MARTIN STOLAR: Well, I mean, the search was just extensive. And the problem with the search warrant, which actually asked for evidence that indicated that potentially there were violations of federal rioting laws, this is the same law that was used to prosecute the Chicago Eight following the Republican Convention in Chicago in 1968. Well, what would be evidence of violations of federal rioting laws is open to question. Anarchist literature? Fiction writings that Elliot has written? Pictures of Lenin? It’s completely vague.
And so, they rambled around and searched and pulled things. They’re not only from Elliot and his wife Elena’s property, but also there were other residents of the house who are living there who had their private property taken and swept up in this, including computers and discs of somebody who’s making a film, computers and discs of somebody who produced a weekly radio show, a computer that actually belonged to the United States government. One of the residents of the house was a contract employee for one of the federal agencies, and that computer was also taken.
So, in response to that, we immediately went to federal court to say, “Hey, wait a minute. You can’t take all this stuff. This is all sorts of private property that has nothing to do with the violation of federal rioting laws, and we want it back.” And we got a federal judge to say, “Maybe you have a point there. FBI, don’t examine the boxes that you seized. Hold on, until I can examine this and issue a further order of the court.” And so, that’s what she did. She stopped them from going through the boxes, stopped them from going through and indexing, cataloging and analyzing what had been seized at the house. And that’s on hold, pending further briefing in court and pending further order of the court, which will happen a week from Friday.

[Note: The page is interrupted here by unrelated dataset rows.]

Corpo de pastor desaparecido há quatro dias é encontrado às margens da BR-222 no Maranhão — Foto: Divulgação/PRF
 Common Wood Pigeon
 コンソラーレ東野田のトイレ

SHARIF ABDEL KOUDDOUS: And Elliot, you spoke about how — the so-called Twitter revolution in Iran and how that was portrayed and condemned by the State Department in this country. I just want to go back to those days during the so-called green revolution in Iran and how the media in this country, the corporate media, the news networks, covered the use of Twitter in the protest. Let’s go to a clip of them.

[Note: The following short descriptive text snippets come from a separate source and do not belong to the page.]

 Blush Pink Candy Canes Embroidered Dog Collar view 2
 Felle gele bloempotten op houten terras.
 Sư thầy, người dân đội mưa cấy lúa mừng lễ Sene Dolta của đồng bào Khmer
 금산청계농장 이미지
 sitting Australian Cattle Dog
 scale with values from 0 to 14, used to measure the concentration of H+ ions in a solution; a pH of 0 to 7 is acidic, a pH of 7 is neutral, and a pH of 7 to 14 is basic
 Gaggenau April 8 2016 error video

FOX 11 ANCHOR: Iranians are turning to social media websites like Twitter and Facebook to tell their stories.
MARTIN SAVIDGE: Twitter.
HOWARD KURTZ: Has Twitter become the CNN of the masses?

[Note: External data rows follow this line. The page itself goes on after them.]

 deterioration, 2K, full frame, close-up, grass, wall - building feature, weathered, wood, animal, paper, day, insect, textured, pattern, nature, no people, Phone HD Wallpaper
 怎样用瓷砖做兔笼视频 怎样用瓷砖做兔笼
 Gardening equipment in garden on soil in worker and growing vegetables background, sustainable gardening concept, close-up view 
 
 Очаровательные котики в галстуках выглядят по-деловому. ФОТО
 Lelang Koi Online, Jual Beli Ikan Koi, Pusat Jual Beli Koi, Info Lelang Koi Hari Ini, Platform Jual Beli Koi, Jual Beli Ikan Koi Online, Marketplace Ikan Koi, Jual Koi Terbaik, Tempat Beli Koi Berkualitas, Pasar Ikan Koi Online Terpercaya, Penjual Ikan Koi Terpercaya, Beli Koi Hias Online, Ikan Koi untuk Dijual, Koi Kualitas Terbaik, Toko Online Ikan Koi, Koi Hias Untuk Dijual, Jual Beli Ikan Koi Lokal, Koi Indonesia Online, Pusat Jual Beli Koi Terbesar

KIRAN CHETRY: Here’s what some people have been tweeting about.
SCOTT HURLEY: Just type in “#iranelection.”
The US State Department actually asked the website to put off scheduled computer maintenance.
IAN KELLY: This is about the Iranian people. This is about the — getting their voices a chance to be heard.
ISHA SESAY: More and more tweets were appearing.
KEITH OLBERMANN: A Twitter revolution.
BRIAN WILLIAMS: Is this the first true internet uprising?
RACHEL MADDOW: This revolution might not be televised, but it is definitely being tweeted.
SHARIF ABDEL KOUDDOUS: Elliot Madison, some of the coverage back in summer of the Iranian uprising following the elections. Everyone’s supporting Twitter, the State Department actually asking Twitter not to — not to do an update. And now you’re being arrested for using Twitter. We’re not seeing the same kind of coverage. Your thoughts?
ELLIOT MADISON: Yeah, I think it’s a clear case where, you know, the government authorities act like government authorities in Moldova and China and Iran, where they like it when people have access to information, be it radio stations, newspapers, free press, in other countries, but they’re uncomfortable with it in their own country. And in this case, they decided to try to criminalize it.
And I think what’s very interesting in all these stories about me is that the Tin Can Communications Collective was one Twitter feed. I have found that there were at least twenty-four Twitter feeds going on, everywhere from the police to the G-20 to Ron Paul supporters. Everybody had their own Twitter feeds going on. They decided to criminalize me, I think, because of the fact that we were in solidarity with the protesters.
SHARIF ABDEL KOUDDOUS: Well, Elliot Madison and Martin Stolar, I want to thank you very much for joining us. We’ll continue to follow this story.